In English: among all functions that agree with the target on the boundary, pick the one whose slopes are closest, in least-squares sense, to the source's slopes. This is a textbook calculus-of-variations problem. The Euler-Lagrange equation falls out by setting the first variation to zero — and the result is exactly Poisson's equation:

\Delta f \;=\; \operatorname{div}(\mathbf{v}) \;=\; \Delta g \quad \text{inside } \Omega,

f\big|_{\partial\Omega} = f^*\big|_{\partial\Omega}.
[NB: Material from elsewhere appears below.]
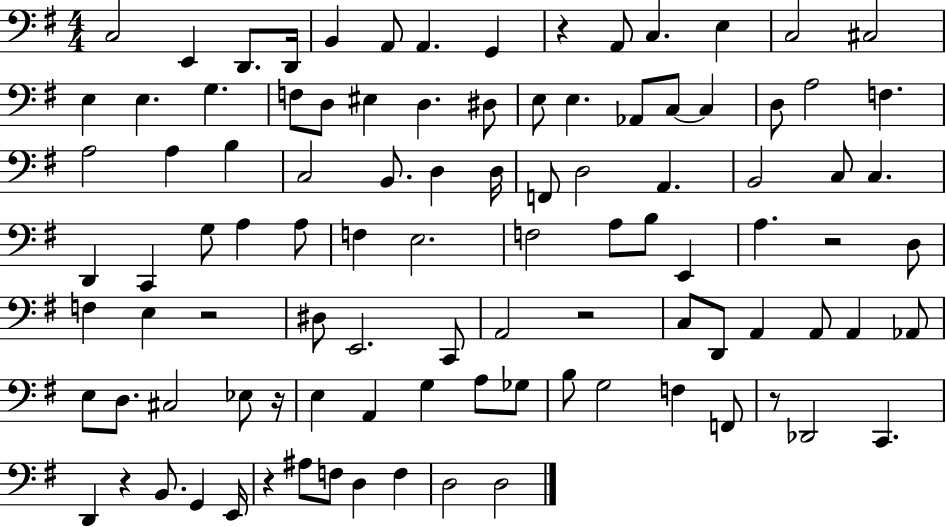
C3/h E2/q D2/e. D2/s B2/q A2/e A2/q. G2/q R/q A2/e C3/q. E3/q C3/h C#3/h E3/q E3/q. G3/q. F3/e D3/e EIS3/q D3/q. D#3/e E3/e E3/q. Ab2/e C3/e C3/q D3/e A3/h F3/q. A3/h A3/q B3/q C3/h B2/e. D3/q D3/s F2/e D3/h A2/q. B2/h C3/e C3/q. D2/q C2/q G3/e A3/q A3/e F3/q E3/h. F3/h A3/e B3/e E2/q A3/q. R/h D3/e F3/q E3/q R/h D#3/e E2/h. C2/e A2/h R/h C3/e D2/e A2/q A2/e A2/q Ab2/e E3/e D3/e. C#3/h Eb3/e R/s E3/q A2/q G3/q A3/e Gb3/e B3/e G3/h F3/q F2/e R/e Db2/h C2/q. D2/q R/q B2/e. G2/q E2/s R/q A#3/e F3/e D3/q F3/q D3/h D3/h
Where the Euler-Lagrange step comes from: a variation $f \to f + \varepsilon \eta$ with $\eta|_{\partial\Omega} = 0$ changes the objective by $2\varepsilon \iint_\Omega (\nabla f - \mathbf{v}) \cdot \nabla \eta \, dA$ . Integrate by parts (Green's identity) — the boundary term vanishes because $\eta = 0$ there — and you are left with $-2\varepsilon \iint_\Omega (\Delta f - \operatorname{div}\mathbf{v}) \, \eta \, dA = 0$ for every $\eta$ . The only way that is true is $\Delta f = \operatorname{div}\mathbf{v}$ pointwise.
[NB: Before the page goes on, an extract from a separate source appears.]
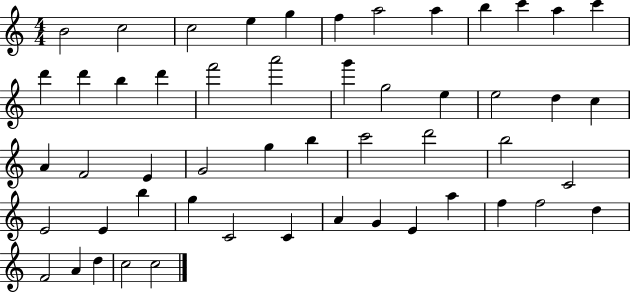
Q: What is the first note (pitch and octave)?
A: B4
Discretise with the 5-point Laplacian on both sides and we get the linear system we will actually solve. For every pixel $(i,j)$ inside $\Omega$ :

4 f(i,j) - \!\!\!\!\sum_{(i',j') \in \mathcal{N}(i,j)}\!\!\!\! f(i',j') \;=\; 4 g(i,j) - \!\!\!\!\sum_{(i',j') \in \mathcal{N}(i,j)}\!\!\!\! g(i',j').

Whenever a neighbour $(i',j')$ lies outside $\Omega$ , we know its value: it is $f^*(i',j')$ , the target. So that term moves to the right-hand side and becomes a fixed contribution. The remaining unknowns are exactly the pixels inside $\Omega$ , and we have one linear equation per unknown — the system is sparse, symmetric, and positive-definite. Perfect for iterative solvers.

Why Dirichlet Boundary Conditions Make Seams Vanish

The Dirichlet boundary condition $f|_{\partial\Omega} = f^*|_{\partial\Omega}$ is doing more than "pin the edge." It is the entire reason the seam disappears.

Suppose the source patch is uniformly 30 grey levels brighter than the target at the boundary. The naive paste produces a hard 30-level jump along the boundary — instantly visible. Poisson blending responds by adding a harmonic correction $h$ across the entire interior of $\Omega$ : a smooth function with $\Delta h = 0$ inside, whose values on the boundary cancel the mismatch exactly.

Mathematically, write $f = g + h$ inside $\Omega$ . Substituting into $\Delta f = \Delta g$ gives $\Delta h = 0$ — so $h$ is harmonic. And the boundary condition $f = f^*$ becomes $h = f^* - g$ on $\partial\Omega$ . So $h$ is the unique harmonic function that smoothly repairs the boundary disagreement over the whole patch. It is, in a precise sense, the "best feathering" you could hope for — better than any handcrafted blur kernel because the eye sees no second derivative jumps.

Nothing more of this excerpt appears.